Berita / Feature /
Cerita Sawit Berkelanjutan di Gotting Sidodadi
Hendra Butar-butar. foto: herman
Sore Selasa pekan lalu itu, matahari condong ke barat, menembus sela-sela pohon kelapa sawit yang sudah berumur puluhan tahun di Desa Goting Sidodadi, Kecamatan Bandar Pasir Mandoge, Kabupaten Asahan, Sumatera Utara. Suara burung dan desah angin dari pelepah sawit menjadi latar alami yang khas dari desa kecil ini.
Dari kejauhan, tampak hamparan sawit tua yang rindang milik Koperasi Petani Kelapa Sawit (KPKS) Kesepakatan, sebuah kelembagaan petani yang sudah berdiri sekitar lima belas tahun silam.
Bagi warga Goting Sidodadi, koperasi ini bukan sekadar tempat menjual hasil panen. Ia adalah simbol gotong-royong, sekaligus tonggak perubahan menuju pertanian sawit yang lebih berkelanjutan.

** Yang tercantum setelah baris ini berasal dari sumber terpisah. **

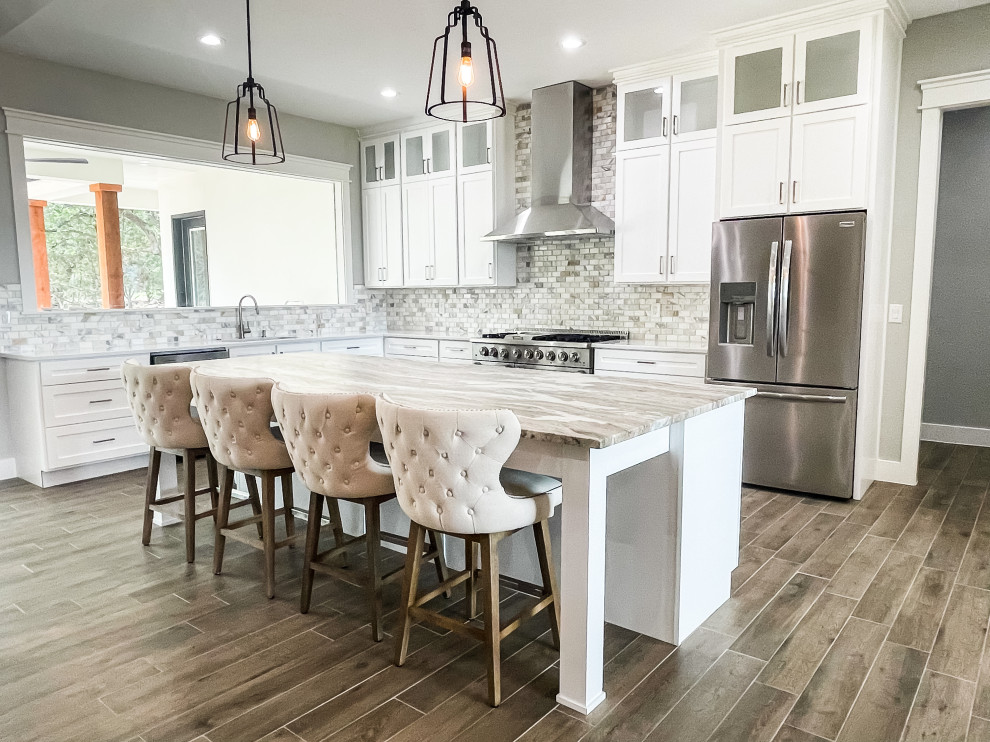 Example of a large transitional l-shaped medium tone wood floor and brown floor eat-in kitchen design with an undermount sink, beaded inset cabinets, white cabinets, marble countertops, multicolored backsplash, ceramic backsplash, stainless steel appliances, an island and multicolored countertops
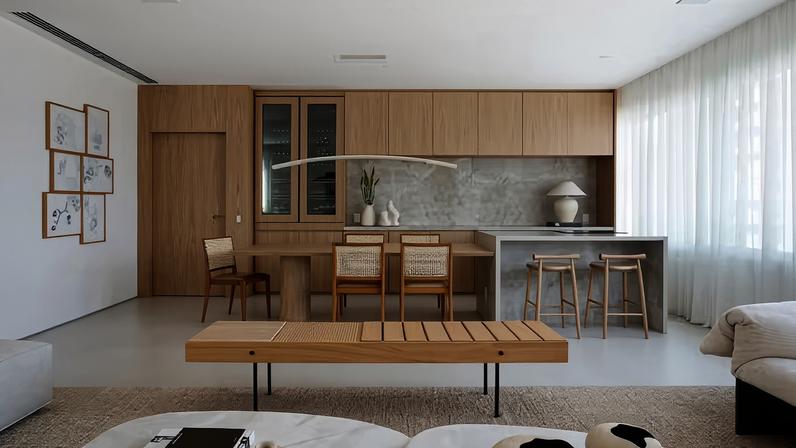 Na cozinha, a mesa de jantar, em folha de carvalho natural executada pela Jocarvi Marcenaria, é acoplada à ilha e recebeu cadeiras do acervo dos moradores. Luminária pendente Palo, de Wentz Design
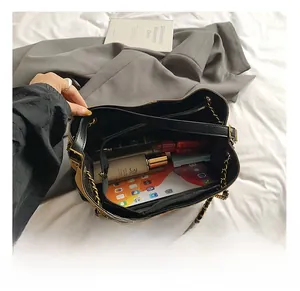 Vista interna della grande borsa tote che mostra ampi scomparti con cosmetici e telefono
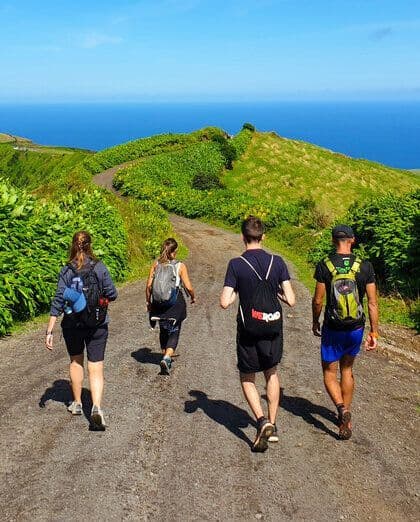 Eine WeRoad Gruppenreise wandert einen unbefestigten Weg auf einem grünen Küstenhügel hinunter, mit Blick auf das Meer.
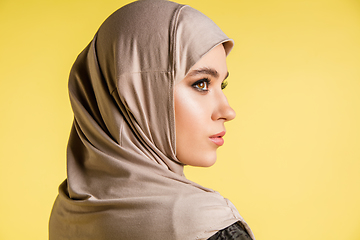 Image showing Beautiful arab woman posing in stylish hijab isolated on yellow studio background. Fashion, beauty, style concept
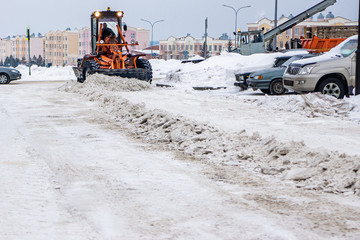 clearing compacted snow from the road using heavy snow removal equipment and a grader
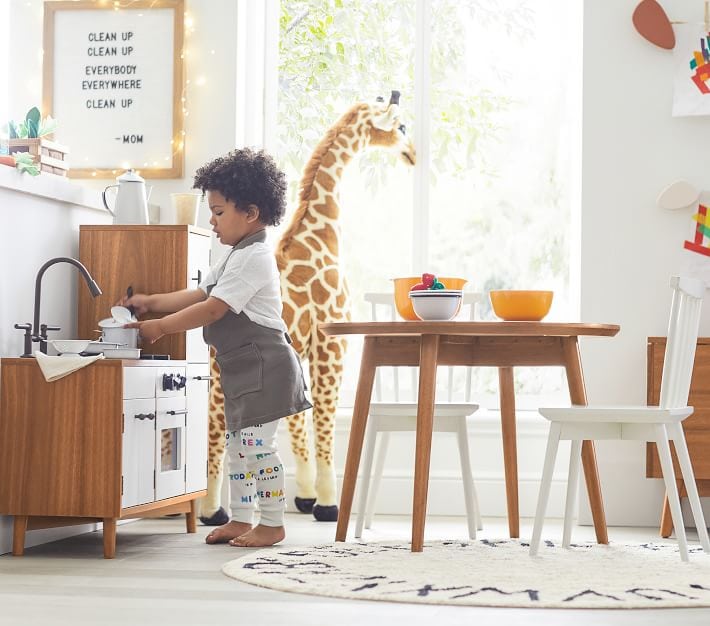 Kid playing at a kitchen toy that is wood and white.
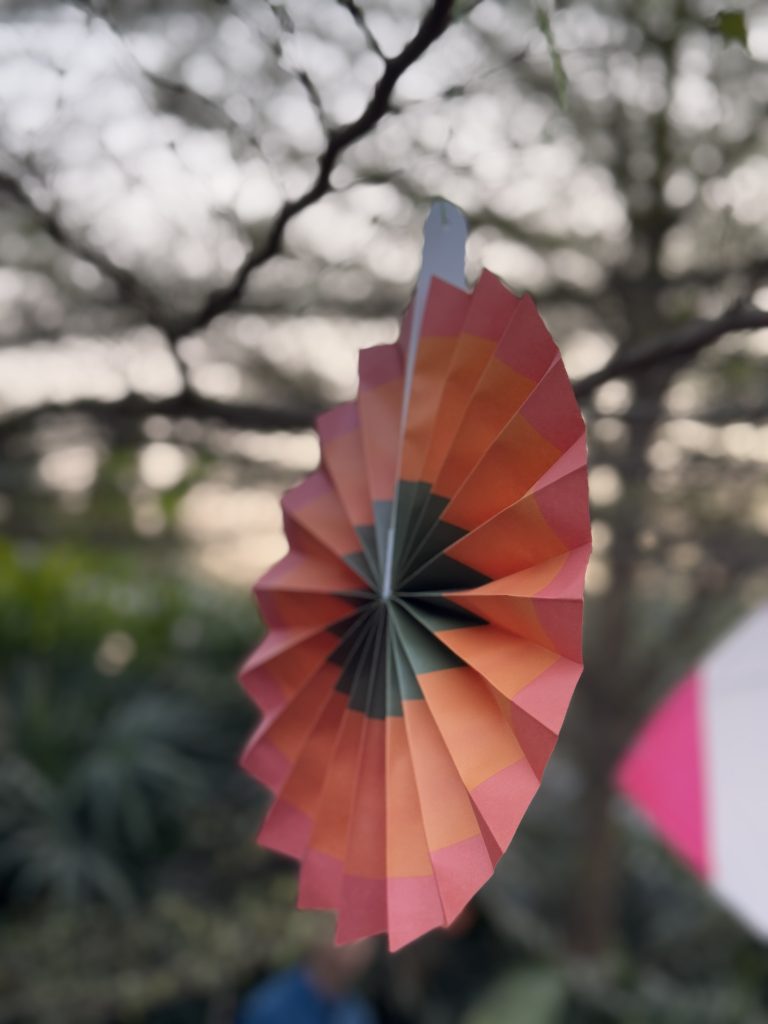 A colorful paper decoration, resembling a folded pinwheel hanging from a tree branch with a blurred background of leaves and branches.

Yang menarik, koperasi ini bukan koperasi sembarangan. Di tengah banyaknya kelembagan petani yang masih berjuang memenuhi standar keberlanjutan, KPKS Kesepakatan justru telah berhasil mengantongi sertifikat ISPO (Indonesian Sustainable Palm Oil) sejak tahun 2019 — di atas lahan seluas 362 hektare.
Dan yang lebih istimewa, koperasi ini disebut-sebut menjadi satu-satunya koperasi non binaan perusahaan di Sumatera Utara yang berhasil meraih sertifikat bergengsi tersebut.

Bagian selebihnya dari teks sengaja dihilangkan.